• **Exercise aim**: Leaving out the pictures, restate each record below word for word.

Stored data
■ ■ ■ ■

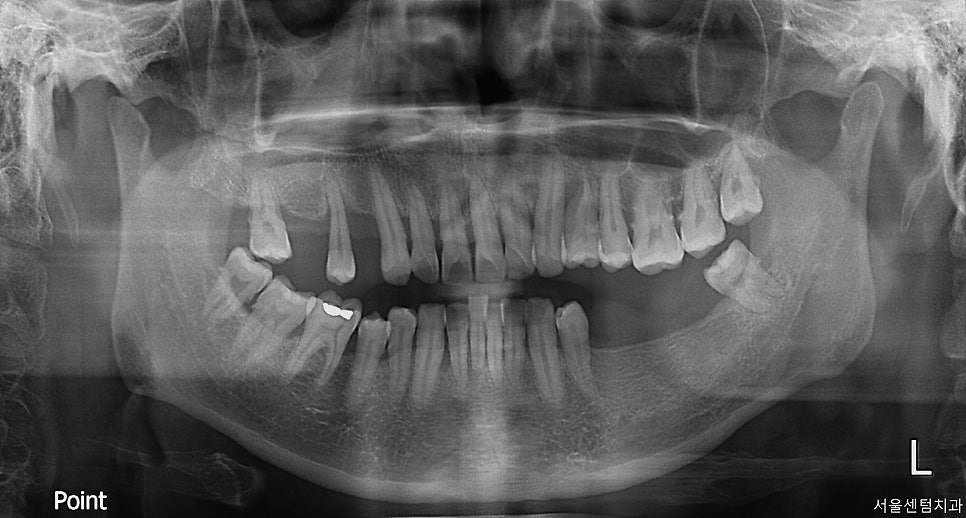 임플란트 순서 어금니부터 앞니부터 어디부터 해야할까요 관련 이미지 3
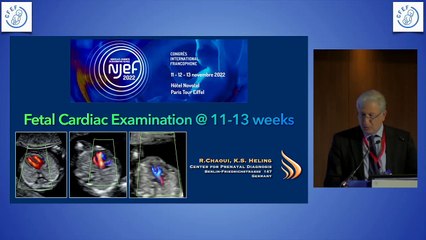 Examen cardiaque foetal entre 11 et 13 SA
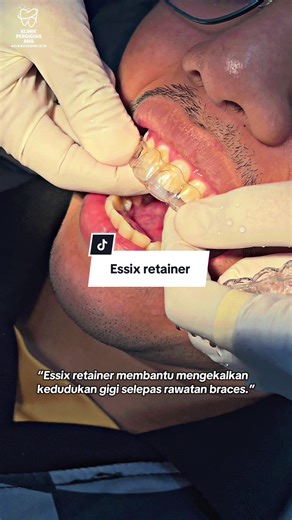 Baru buka braces ? Jom dapatkan Essix retainer anda di Klinik Pergigian Ana Shah Alam! 😍✨ #essixretainer #fypp #fypシ゚viral #fyppppppppppppppppppppppp #seksyen23shahalam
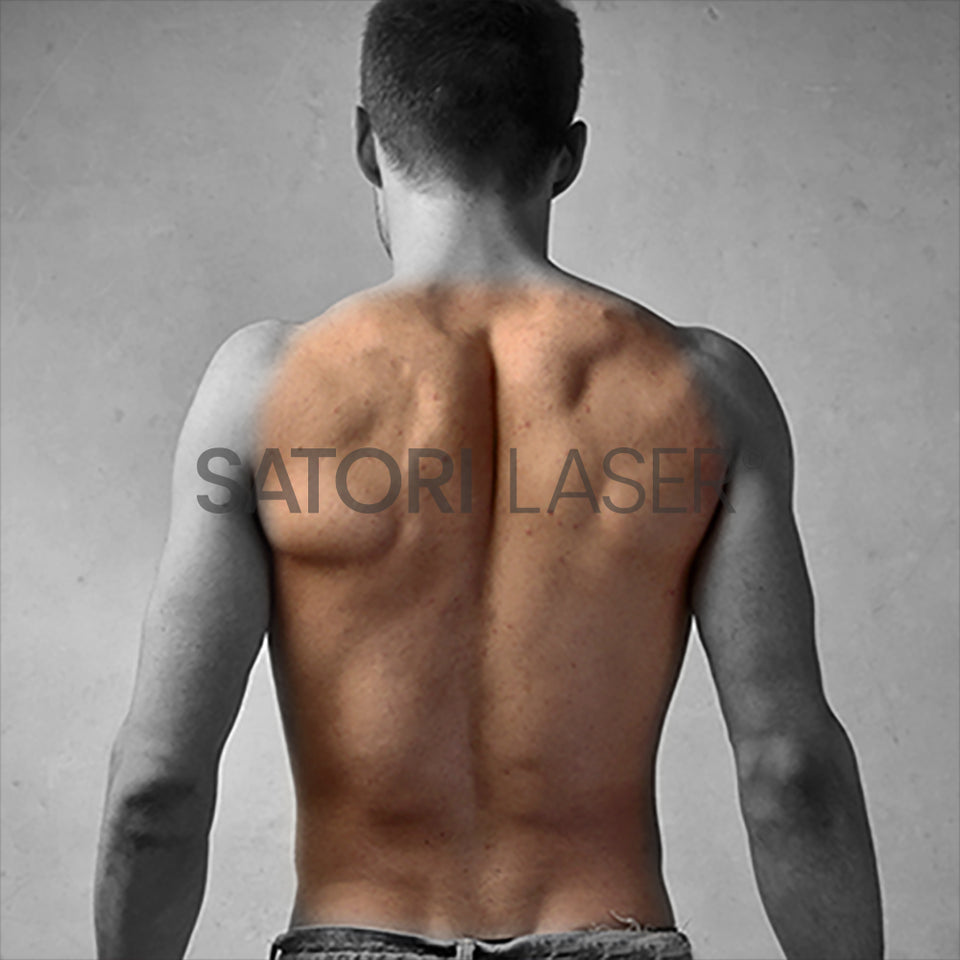 Male Full Back laser hair removal area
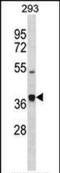 Procollagen C-Endopeptidase Enhancer 2 antibody, MBS6001650, MyBioSource, Western Blot image 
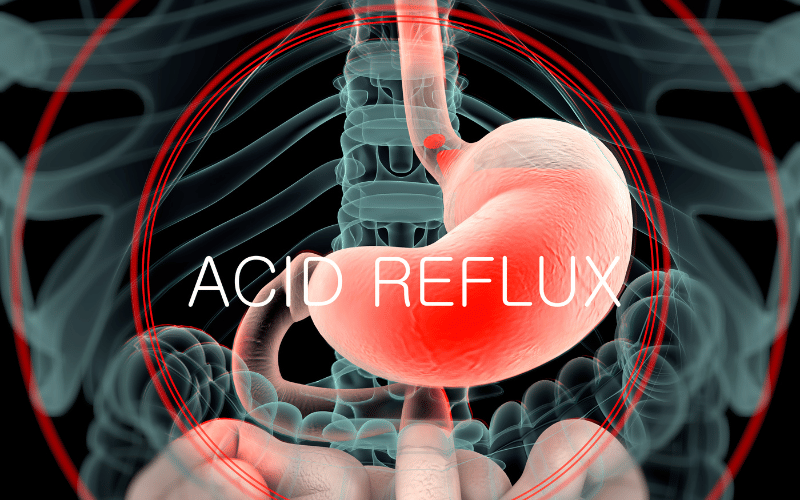 Acid Reflux An Unexpected but Troubling Side Effect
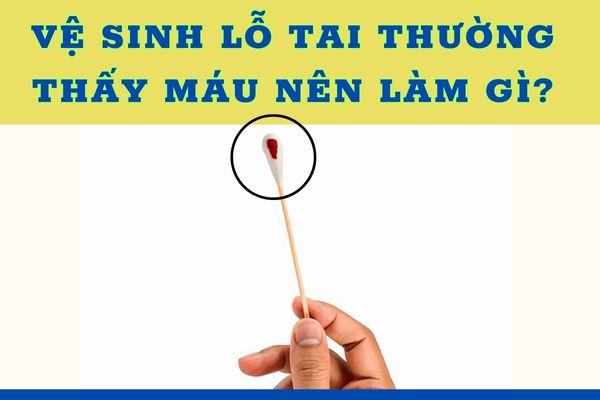 Vệ sinh thấy lỗ xỏ khuyên ra máu phải làm sao?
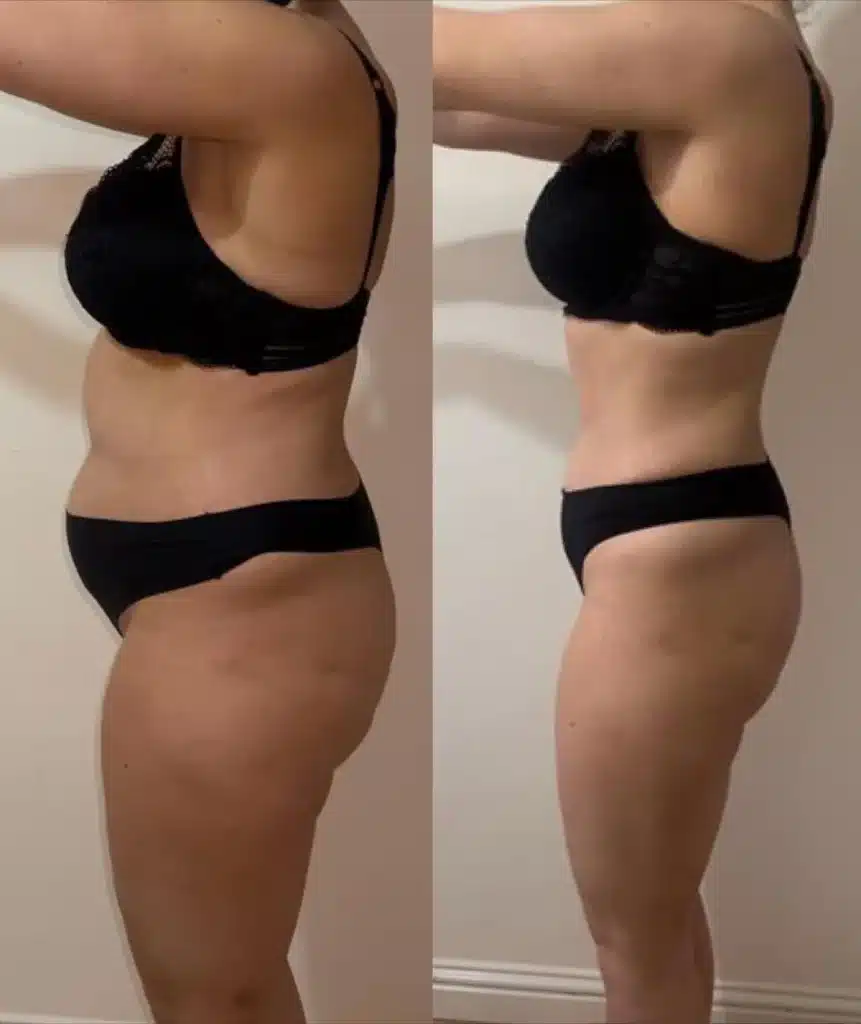 Diagram comparing Fleur-de-Lis and Extended Tummy Tuck incision patterns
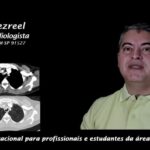 Discopatia Degenerativa Cervical C5-C6: Causas, Sintomas e Tratamentos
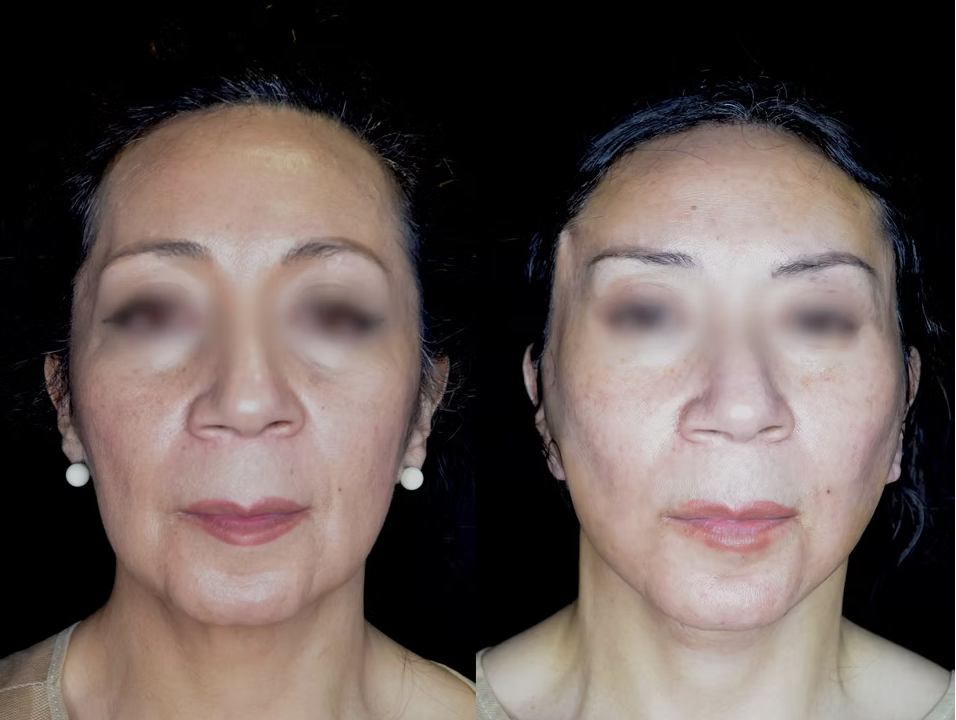 Antes / Después 3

■ ■ ■ ■

• **Output for this task**:
 임플란트 순서 어금니부터 앞니부터 어디부터 해야할까요 관련 이미지 3
 Examen cardiaque foetal entre 11 et 13 SA
 Baru buka braces ? Jom dapatkan Essix retainer anda di Klinik Pergigian Ana Shah Alam! 😍✨ #essixretainer #fypp #fypシ゚viral #fyppppppppppppppppppppppp #seksyen23shahalam
 Male Full Back laser hair removal area
 Procollagen C-Endopeptidase Enhancer 2 antibody, MBS6001650, MyBioSource, Western Blot image 
 Acid Reflux An Unexpected but Troubling Side Effect
 Vệ sinh thấy lỗ xỏ khuyên ra máu phải làm sao?
 Diagram comparing Fleur-de-Lis and Extended Tummy Tuck incision patterns
 Discopatia Degenerativa Cervical C5-C6: Causas, Sintomas e Tratamentos
 Antes / Después 3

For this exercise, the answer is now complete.